Introduction
Our communities rely on excellent service from very long-lived infrastructure; infrastructure, which will almost certainly outlast not just our careers but probably our lives.
We all enjoy the benefits these assets provide, and we strive to do even better for future generations.
But we have all experienced the deficiencies in asset capacity borne from the difficulties of forecasting a realistic future for the asset sets we manage.
We can look back pretty confidently and see where our predecessors misstepped in their forecasts, and often even identify and understand how and where they went wrong. Such is the advantage of hindsight.
There will be a change in all things: technology, values, and wisdom.
We need to understand this change, embrace it, and plan for it.


My kingdom for a Crystal Ball!
The future is as uncertain now as it always has been, and we have yet to discover that elusive crystal ball!
Waugh Infrastructure Management was fortunate to be invited to assist a client who recognised the limitations of the traditional “existing plus growth” approach.
They allowed us to help them broaden and expand their view of possible futures and forecast solutions for water and wastewater services from this knowledge.
How broad is broad?
Very! Broad is very broad indeed. We accepted that the future was unknown and that the views of future people were equally unknown. Their values, thinking, prioritisation and acceptance will be different and possibly quite different.

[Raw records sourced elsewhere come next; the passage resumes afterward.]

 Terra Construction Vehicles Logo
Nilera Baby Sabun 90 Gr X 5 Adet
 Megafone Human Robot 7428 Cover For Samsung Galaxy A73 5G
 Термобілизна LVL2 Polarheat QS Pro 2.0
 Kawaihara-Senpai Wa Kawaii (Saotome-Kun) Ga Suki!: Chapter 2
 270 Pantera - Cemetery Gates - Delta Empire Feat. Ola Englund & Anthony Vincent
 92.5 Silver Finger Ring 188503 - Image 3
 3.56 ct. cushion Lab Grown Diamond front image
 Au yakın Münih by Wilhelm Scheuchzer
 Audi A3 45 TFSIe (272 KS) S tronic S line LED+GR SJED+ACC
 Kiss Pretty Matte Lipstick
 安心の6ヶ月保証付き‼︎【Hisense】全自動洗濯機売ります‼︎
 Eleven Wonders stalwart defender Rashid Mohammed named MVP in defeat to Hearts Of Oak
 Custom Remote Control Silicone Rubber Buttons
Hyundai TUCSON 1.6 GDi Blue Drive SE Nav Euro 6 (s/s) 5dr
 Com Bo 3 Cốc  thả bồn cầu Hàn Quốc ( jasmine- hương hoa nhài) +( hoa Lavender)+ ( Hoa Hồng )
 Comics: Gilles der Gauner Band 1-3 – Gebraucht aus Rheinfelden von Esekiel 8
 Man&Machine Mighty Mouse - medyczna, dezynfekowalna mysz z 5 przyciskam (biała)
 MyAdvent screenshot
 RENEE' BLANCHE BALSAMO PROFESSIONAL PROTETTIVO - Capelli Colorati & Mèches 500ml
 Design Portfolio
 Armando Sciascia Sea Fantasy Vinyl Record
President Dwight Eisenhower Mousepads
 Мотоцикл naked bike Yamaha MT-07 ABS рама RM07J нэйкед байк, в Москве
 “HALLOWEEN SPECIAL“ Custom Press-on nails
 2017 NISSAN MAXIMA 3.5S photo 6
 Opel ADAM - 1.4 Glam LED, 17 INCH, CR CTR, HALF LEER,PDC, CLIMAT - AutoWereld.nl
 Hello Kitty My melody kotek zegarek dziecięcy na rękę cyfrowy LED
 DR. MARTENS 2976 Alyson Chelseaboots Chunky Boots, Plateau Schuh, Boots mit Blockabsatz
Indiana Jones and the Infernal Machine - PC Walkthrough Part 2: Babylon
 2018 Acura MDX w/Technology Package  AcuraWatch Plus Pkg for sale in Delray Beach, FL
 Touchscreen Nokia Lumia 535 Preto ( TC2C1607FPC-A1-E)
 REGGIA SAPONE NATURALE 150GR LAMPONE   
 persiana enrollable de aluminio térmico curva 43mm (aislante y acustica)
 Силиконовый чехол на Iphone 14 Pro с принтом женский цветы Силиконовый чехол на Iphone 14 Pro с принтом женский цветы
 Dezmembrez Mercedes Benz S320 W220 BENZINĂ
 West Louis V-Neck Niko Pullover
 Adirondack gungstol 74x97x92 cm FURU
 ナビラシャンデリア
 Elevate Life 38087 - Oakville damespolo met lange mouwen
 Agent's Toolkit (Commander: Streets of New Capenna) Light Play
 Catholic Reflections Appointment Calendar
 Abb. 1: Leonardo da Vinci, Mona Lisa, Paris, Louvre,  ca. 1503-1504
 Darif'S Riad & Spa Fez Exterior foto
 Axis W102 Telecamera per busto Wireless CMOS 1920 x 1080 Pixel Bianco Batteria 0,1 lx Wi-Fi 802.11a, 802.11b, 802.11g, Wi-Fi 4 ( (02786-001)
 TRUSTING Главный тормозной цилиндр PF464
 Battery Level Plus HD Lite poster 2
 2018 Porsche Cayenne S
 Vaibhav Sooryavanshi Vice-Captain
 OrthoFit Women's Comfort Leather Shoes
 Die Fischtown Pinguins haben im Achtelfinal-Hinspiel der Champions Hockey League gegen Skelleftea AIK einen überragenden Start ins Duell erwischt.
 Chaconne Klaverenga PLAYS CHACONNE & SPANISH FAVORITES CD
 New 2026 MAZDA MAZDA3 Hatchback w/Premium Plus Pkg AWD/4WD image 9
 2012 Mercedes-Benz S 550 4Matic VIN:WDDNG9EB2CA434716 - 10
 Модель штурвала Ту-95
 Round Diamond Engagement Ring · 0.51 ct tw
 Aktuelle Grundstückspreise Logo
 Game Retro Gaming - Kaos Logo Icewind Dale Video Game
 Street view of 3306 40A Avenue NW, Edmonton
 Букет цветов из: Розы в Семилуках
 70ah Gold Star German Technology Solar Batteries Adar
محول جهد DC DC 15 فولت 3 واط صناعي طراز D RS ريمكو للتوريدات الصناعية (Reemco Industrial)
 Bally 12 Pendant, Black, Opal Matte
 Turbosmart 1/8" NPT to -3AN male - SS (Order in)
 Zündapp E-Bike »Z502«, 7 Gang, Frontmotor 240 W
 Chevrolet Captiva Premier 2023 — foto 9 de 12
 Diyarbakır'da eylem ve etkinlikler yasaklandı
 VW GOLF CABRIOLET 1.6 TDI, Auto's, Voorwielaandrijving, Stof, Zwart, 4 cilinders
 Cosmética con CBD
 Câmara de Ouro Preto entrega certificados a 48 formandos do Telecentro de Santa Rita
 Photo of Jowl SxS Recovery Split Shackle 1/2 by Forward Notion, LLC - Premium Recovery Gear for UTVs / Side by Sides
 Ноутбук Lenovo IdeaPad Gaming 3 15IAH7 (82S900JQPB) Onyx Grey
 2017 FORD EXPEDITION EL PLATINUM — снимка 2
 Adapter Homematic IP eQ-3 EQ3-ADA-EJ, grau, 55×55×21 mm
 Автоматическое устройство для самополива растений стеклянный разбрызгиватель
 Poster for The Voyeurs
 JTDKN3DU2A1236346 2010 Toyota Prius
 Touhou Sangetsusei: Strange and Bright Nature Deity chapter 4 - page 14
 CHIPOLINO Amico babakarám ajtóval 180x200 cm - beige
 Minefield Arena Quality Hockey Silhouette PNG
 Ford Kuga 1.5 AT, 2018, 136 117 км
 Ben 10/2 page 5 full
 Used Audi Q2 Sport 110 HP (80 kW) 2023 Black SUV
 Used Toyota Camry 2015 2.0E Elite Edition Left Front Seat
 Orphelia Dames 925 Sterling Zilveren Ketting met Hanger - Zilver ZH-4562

It’s difficult, but it must be done
The only certainty with a forecast into the distant future is that it will be wrong. Increased knowledge and the combined wisdom of multiple parties was our way to minimise how wrong we would be.
We managed this through collaboration with multiple parties from District and Regional Councils, various Ministries, business and iwi groups, and ultimately scenario development.
The collaboration was supported by research into various legislative instruments, policies and guidance with a focus on the intention rather than the specific application of detail.
“Wisdom is not what comes from reading great books. When it comes to understanding life, experiential learning is the only worthwhile kind, everything else is hearsay” – Joan Erikson

And we learnt and learnt a lot
We became acutely aware of the community’s needs and how the water and wastewater services contributed to meeting those needs.
The needs:
- Public Health,
- Culture and Traditions,
- Ecology and
- Future Needs and Risk,
While not ground-breaking, we are no longer disconnected from our worldview and now form a meaningful basis for decision-making.
We more confidently understand where new, different or improved services are likely to be needed and, most importantly, why they will be needed.
And we are not finished yet
Armed with collaboratively developed, understood and agreed Needs and Contributions, the detailed work begins.
Analysis of the District aligning the Needs and Contributions to the community’s unique structure and environment will enable a matrix of solution scenarios to be developed and compared.